WHAT THIS TASK INVOLVES: In the data below, set down exactly the lines from the one containing "Portrait casual blond" up to and including the one containing "Jumpluff Reverse Holo". Leave the pictures out.

STORED DATA:
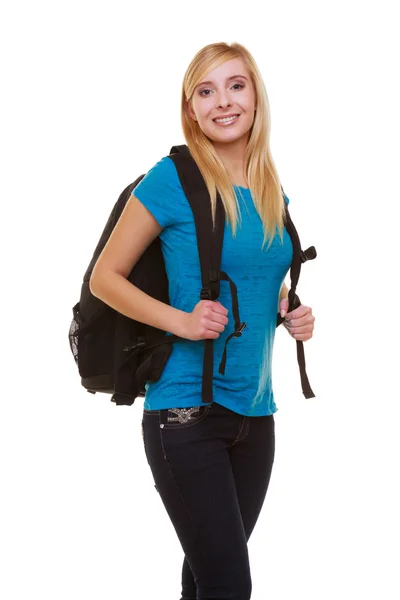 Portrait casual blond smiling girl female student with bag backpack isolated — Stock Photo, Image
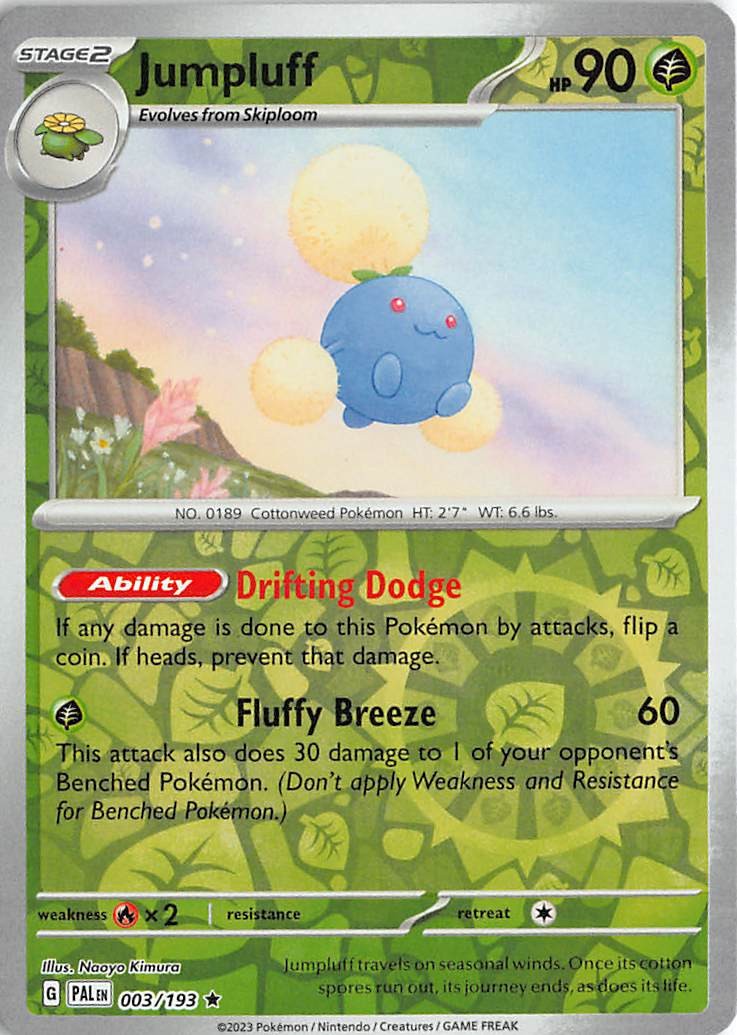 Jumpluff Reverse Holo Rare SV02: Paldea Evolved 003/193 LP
--
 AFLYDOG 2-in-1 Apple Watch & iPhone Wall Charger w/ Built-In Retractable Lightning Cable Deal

COMPLETED TASK:
 Portrait casual blond smiling girl female student with bag backpack isolated — Stock Photo, Image
 Jumpluff Reverse Holo Rare SV02: Paldea Evolved 003/193 LP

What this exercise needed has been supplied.